Rabu, 09 November 2016 | 17:58 WIB
Din: Kami Minta Sikap MUI Jadi Rujukan Polisi Tangani Ahok
Dewan Pertimbangan Majelis Ulama Indonesia (MUI), yang dipimpin oleh Din Syamsuddin, menggelar rapat pleno di Jakarta, Rabu (9/11). [suara.com/Kurniawan Mas'ud]
Follow Suara.com untuk mendapatkan informasi terkini. Klik WhatsApp Channel & Google News

Rapat pleno ke XII Dewan Pertimbangan Majelis Ulama Indonesia menghasilkan enam kesimpulan terkait kasus dugaan penistaan agama yang dituduhkan kepada Gubernur Jakarta nonaktif Basuki Tjahaja Purnama (Ahok).

Ketua Dewan Pertimbangan MUI Din Syamsuddin mengatakan enam poin tersebut merupakan pandangan yang disepakati seluruh organisasi Islam di Indonesia.

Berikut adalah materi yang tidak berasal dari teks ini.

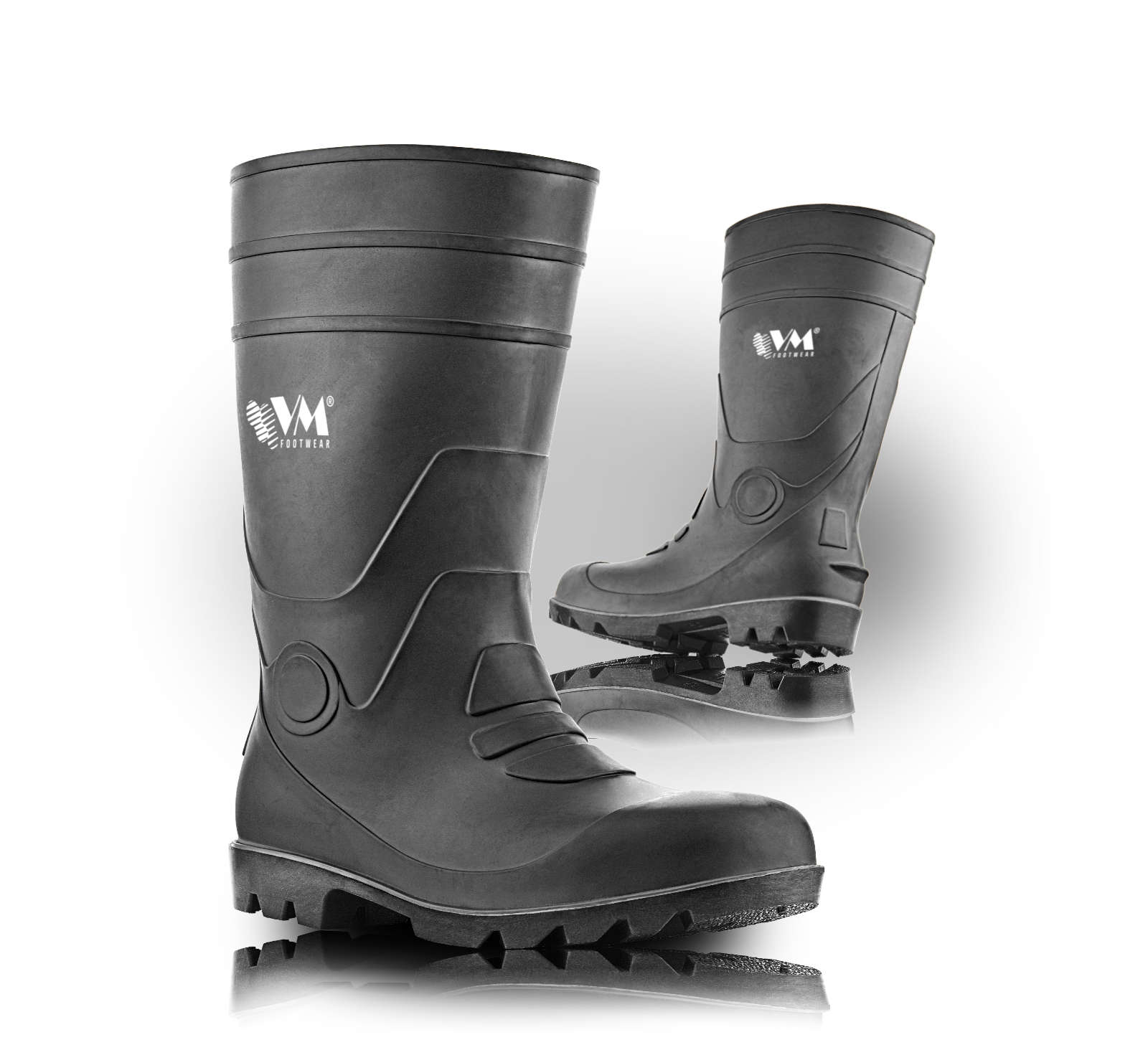 VM Footwear OSAKA pracovné čižmy Veľkosť: 37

"Jadi tingkatannya tinggi (kesimpulan rapat pleno), kalau bisa disebut inilah pandangan dan sikap seluruh ormas Islam. Terkait apa yang telah disepakati tadi," kata Din di kantor MUI Pusat, Jakarta Pusat, Rabu (9/11/2016).

Din menegaskan Dewan Pertimbangan MUI mendukung sikap keagamaan yang telah dikeluarkan Majelis Ulama Indonesia sebelumnya, yang menyatakan bahwa Ahok telah menistakan Al Quran dan ulama.

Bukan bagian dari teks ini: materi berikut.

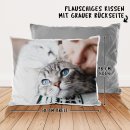 Tierbett f&uuml;r Katzen - mit Foto und Name selbst...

"Dewan Pertimbangan MUI mendukung,  memperkuat pendapat keagamaan MUI yang telah dikeluarkan bulan Oktober lalu tentang penistaan agama ini," ujar Din.

Din berharap sikap keagamaan MUI dijadikan rujukan hukum bagi Bareskrim Polri dalam memproses kasus Ahok.

"Jelas di situ (sikap keagamaan MUI) dinyatakan sebagai penistaan, maka itulah pandangan keagamaan dan itulah yang kita minta jadi referensi oleh aparat penegak hukum dalam menangani kasus ini," tutur Din.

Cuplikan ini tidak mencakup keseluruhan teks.